'Project Chrysalis' is indeed transformative – but not for Bloxham
The Irish Stock Exchange dubbed its shift to a plc as 'Project Chrysalis', but there was to be no transformation of Bloxham Stockbrokers' fortunes by the move.
Earlier this year, Bloxham liquidator Kieran Wallace lost a High Court case where he argued that the termination of the stockbroking firm's membership of the exchange had not been made for proper purposes and that it would, as a result, lose out on the impending demutualisation windfall.
But Mr Justice Peter Charleton ruled there was "no reliable evidence" that the December 2012 decision to terminate Bloxham's membership of the Irish Stock Exchange arose from a conspiracy or was engineered so as to financially benefit other member firms of the ISE as opposed to being made for the benefit of the ISE as a whole.

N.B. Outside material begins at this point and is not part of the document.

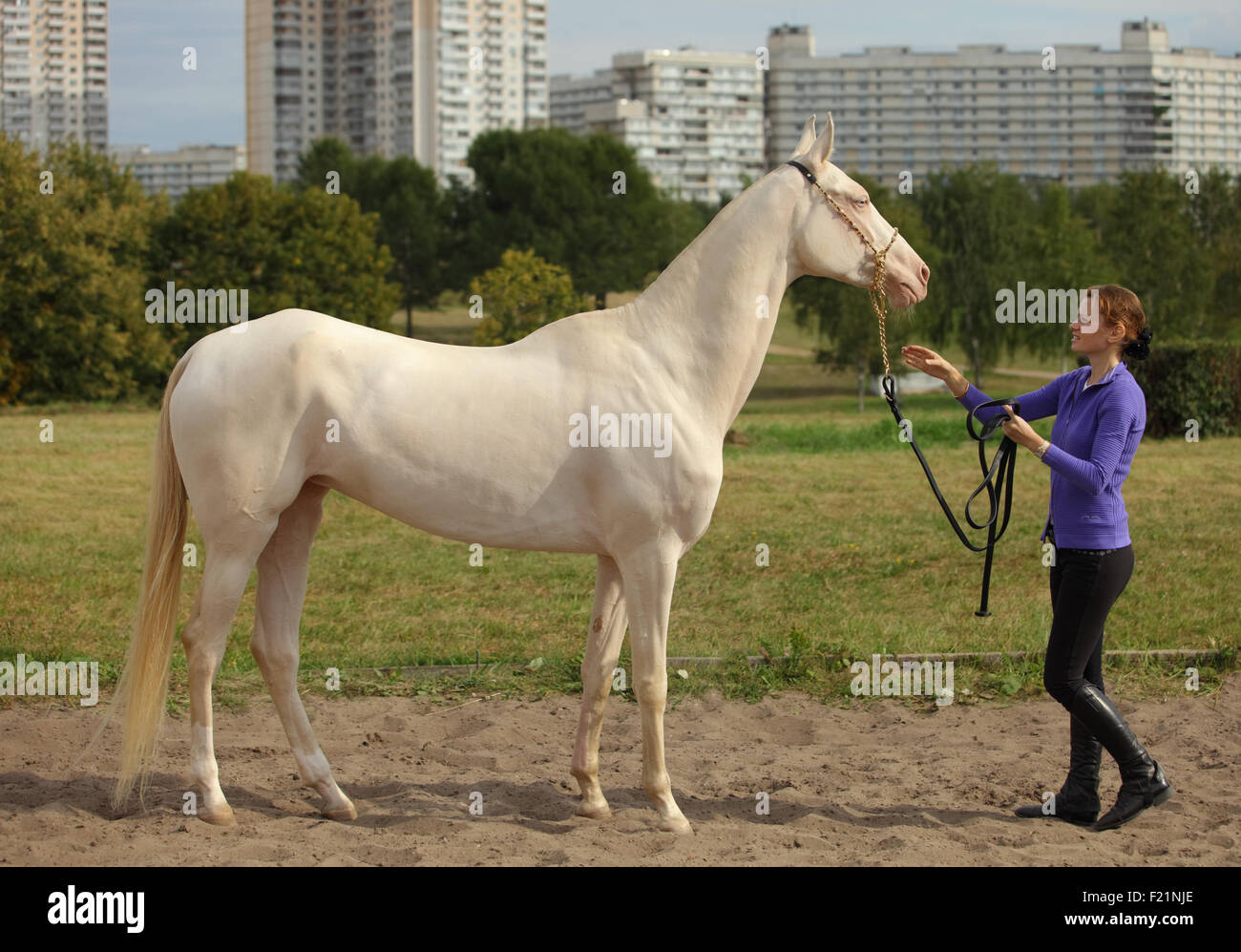 Blue-eyed Cremello cheval akhal-teke Banque D'Images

The judge said Bloxham had been afflicted by "deeply unfortunate circumstances". But he stressed that the termination of its membership had been effected because there was "literally no prospect" of the firm returning to active membership.
Bloxham, which operated as an unlimited partnership, went into meltdown in spring 2012 when the firm's head of finance and compliance, Tadhg Gunnell, revealed there were certain financial irregularities that were hidden over the years.
The firm had 17,000 private clients at the time.
Mr Wallace took the High Court action for the benefit of Bloxham's creditors, including National Irish Bank, which was owed €8.5m, and the Revenue Commissioners, which was owed €2.3m.
Securing the windfall from the exchange would have meant a higher payout to Bloxham's creditors.